In the first essay, ‘Science, Religion, and Sociability in Early Eighteenth-Century Irish Thought’, Scott Breuninger contextually examines the contributions of two key Irish thinkers, George Berkeley and Francis Hutcheson, to early eighteenth-century debates concerning human sociability. In an important essay in The Guardian, Berkeley outlined his theory of social ‘gravity’, claiming that a divinely inspired force acted to hold humans together, just as gravity attracted heavenly bodies to each other. Berkeley’s application of Newton’s celestial insights to society marked an important moment in the history of social thought that shows the growing convergence of scientific and moral theories. Hutcheson echoed this use of scientific rhetoric to explain sociability in his Dublin writings during the 1720s, providing an avenue for the dissemination of these ideas in Scotland. In both cases, these thinkers drew upon the Stoic notion of oikeiosis to indicate that the rational ‘elevation’ of individuals was part of a divine plan for the common good of humanity. Breuninger argues that this melding of scientific and classical thought provided an important contribution to more ‘mainstream’ Enlightenment conceptualizations of sociability.
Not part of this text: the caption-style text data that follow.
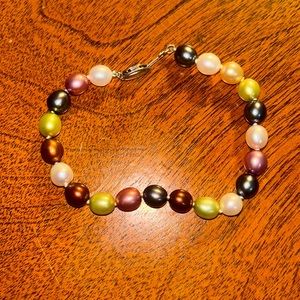 Multicolor pearl bracelet
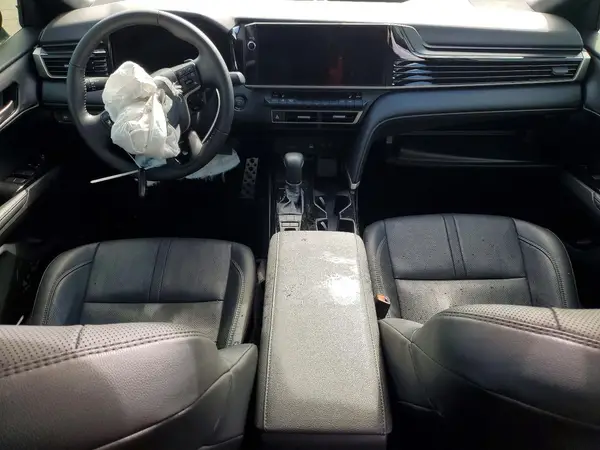 4T1DBADK2SU024482 2025 TOYOTA CAMRY - Image 8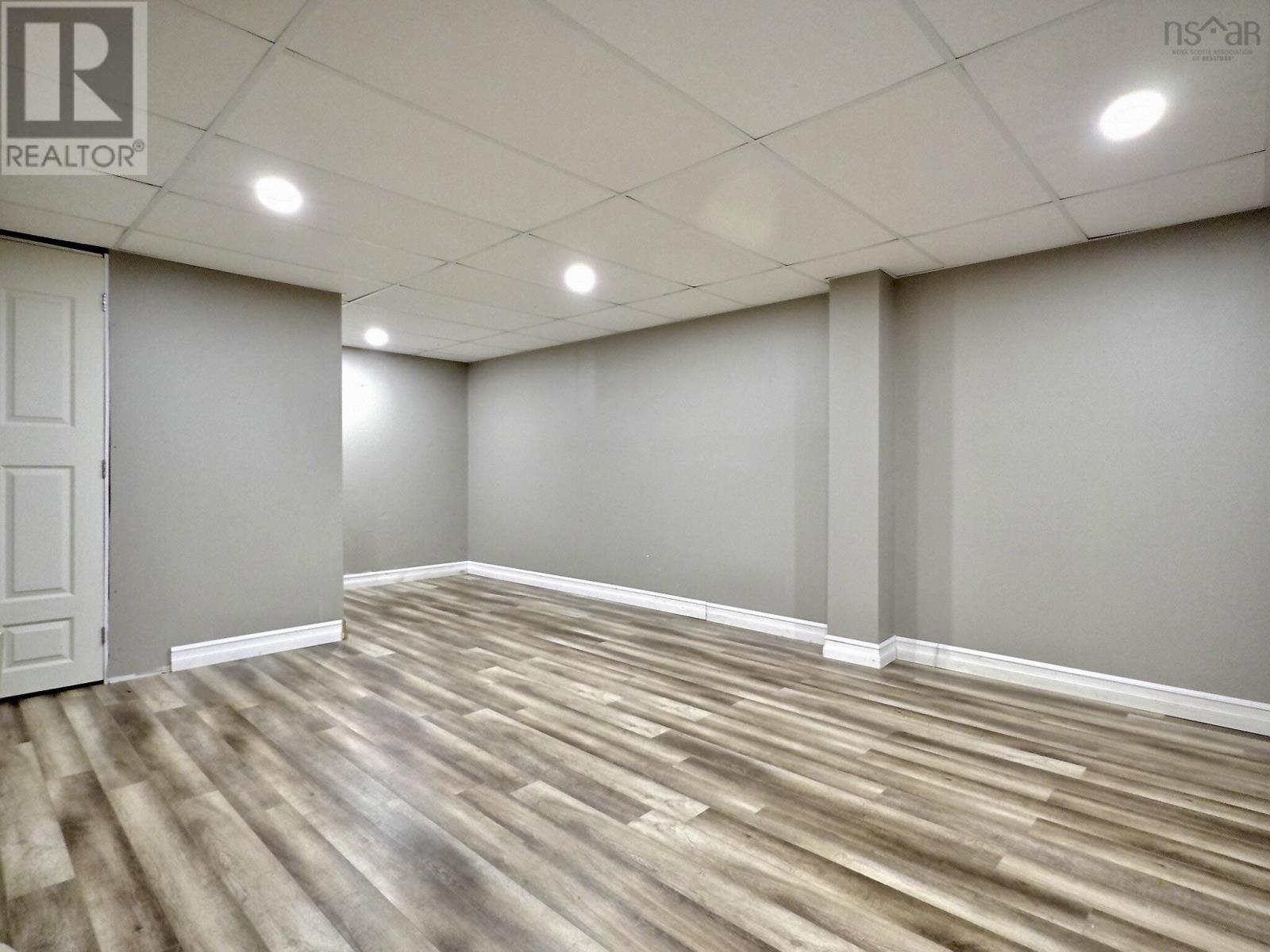 Property 33 of 40 of 1279 MACGARRY ROAD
In the second essay, ‘Visualizing Spain’s Enlightenment: The Marginal Universality of Deafness’, Benjamin Fraser examines work on deafness by Lorenzo Hervás y Panduro and other Spaniards during the eighteenth century (including the century’s leading philosophical figure Benito Jerónimo de Feijóo y Montenegro – who is often seen as the Spanish counterpart to Kant). Fraser argues that their work was an attempt not merely to argue for the socialization and inclusion of a marginalized and misunderstood group but simultaneously an attempt to grapple with questions of language, sociability and the essential unity of all human beings. The instruction of the deaf, which was discussed in great detail by both Hervás and Feijóo went beyond purely national concerns and was itself implicitly a call for a cosmopolitan approach to history. Grounded in contemporary debates on deafness, this essay reconciles a close reading of texts by Hervás (1795) and Feijóo (1752) with a much wider assessment of the cultural history of deafness. The approach to deafness in eighteenth-century Spain appealed to the rhetoric of ‘universal benevolence’, ‘sympathy’ and ‘compassion’ in attempting to uproot long-standing misunderstandings of deaf people. In so doing, Fraser shows how Enlightenment thinkers such as Hervás ultimately staked out a radical position that is still greatly relevant to the struggles faced by deaf people in and outside of Spain today.
The third essay, by Marianna D’Ezio, turns to issues of gender in Italy. In this piece, ‘Sociability and Cosmopolitanism in Eighteenth-Century Venice: European Travellers and Venetian Women’s Casinos’, D’Ezio explores how women travellers to Venice reported their experiences of the Carnival season. Through a close reading of how urban ‘spaces’ were described, D’Ezio looks at intellectual British women travellers to the continent and investigates their relationship and interaction with the Italian women writers they encountered on the Grand Tour. This allows for an examination of the Italian tradition of sociability and cosmopolitanism in eighteenth-century city salons that explores the link established between British and Italian intellectual women, thus tracing possible literary influences on their works from both directions and perspectives.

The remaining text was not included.